══ THE INPUT
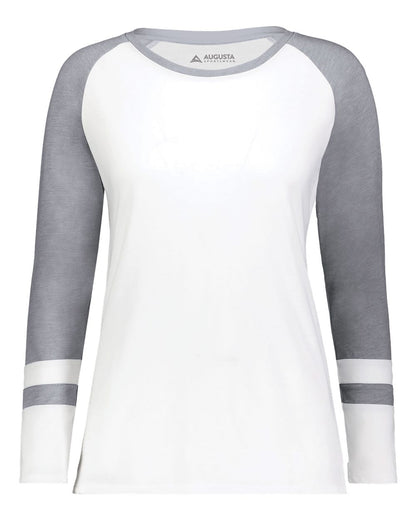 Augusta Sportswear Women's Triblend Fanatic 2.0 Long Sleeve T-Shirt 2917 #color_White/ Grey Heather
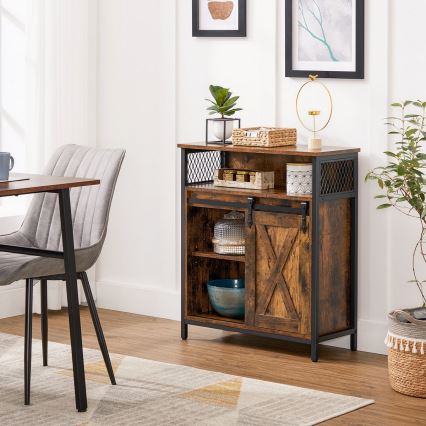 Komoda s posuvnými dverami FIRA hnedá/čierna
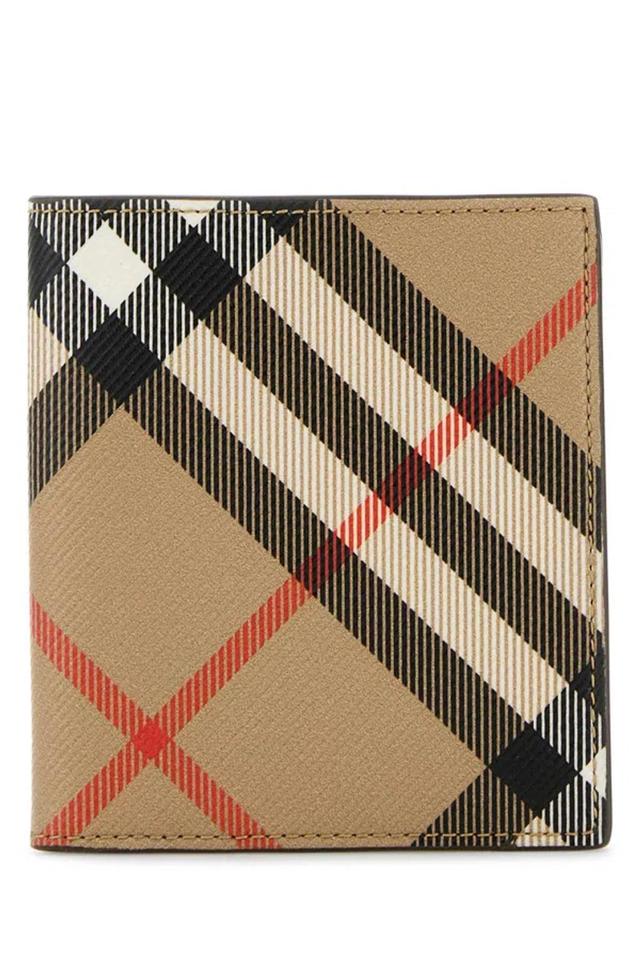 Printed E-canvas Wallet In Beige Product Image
════
══ THE INPUT
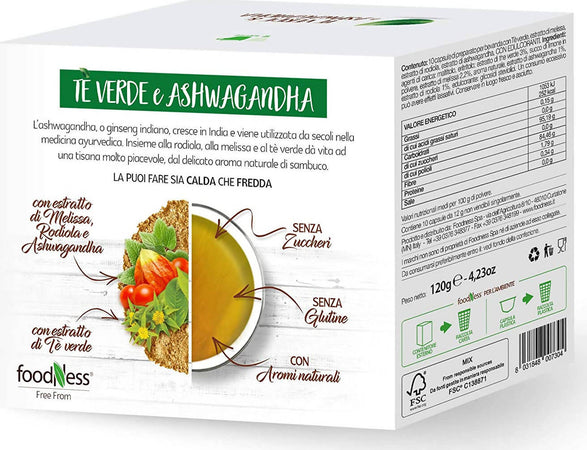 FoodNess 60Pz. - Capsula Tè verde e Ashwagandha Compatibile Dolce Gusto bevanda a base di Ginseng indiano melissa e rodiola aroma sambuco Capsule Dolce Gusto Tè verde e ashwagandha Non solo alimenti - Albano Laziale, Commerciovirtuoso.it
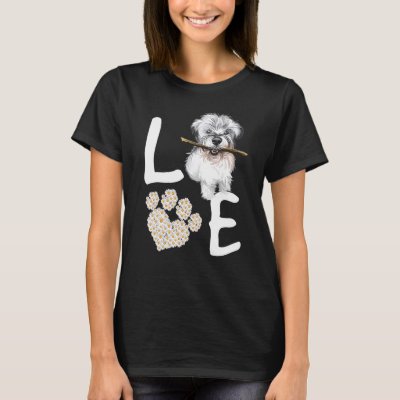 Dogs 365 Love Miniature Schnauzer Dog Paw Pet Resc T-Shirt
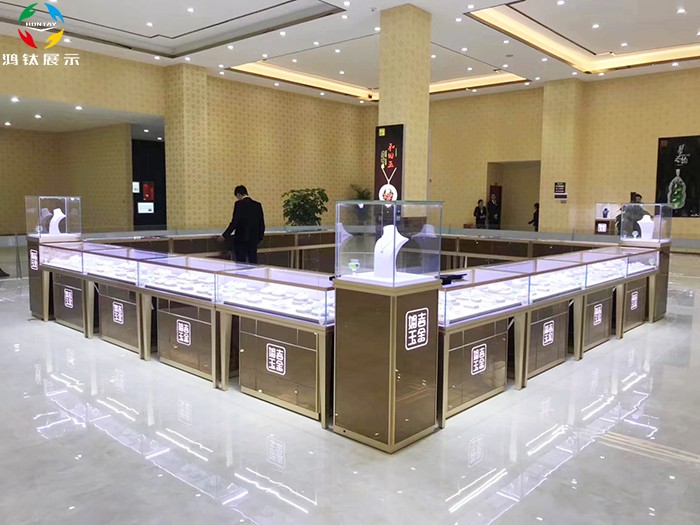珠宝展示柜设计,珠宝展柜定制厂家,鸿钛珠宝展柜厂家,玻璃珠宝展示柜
════
» WHAT THE TASK REQUIRES
Lines wanted from the entries above: the one with "Augusta Sportswear Women's", the one with "Printed E-canvas Wallet", and all lines between. Please copy them exactly, without the pictures and without anything else.

» EXPECTED ANSWER
 Augusta Sportswear Women's Triblend Fanatic 2.0 Long Sleeve T-Shirt 2917 #color_White/ Grey Heather
 Komoda s posuvnými dverami FIRA hnedá/čierna
 Printed E-canvas Wallet In Beige Product Image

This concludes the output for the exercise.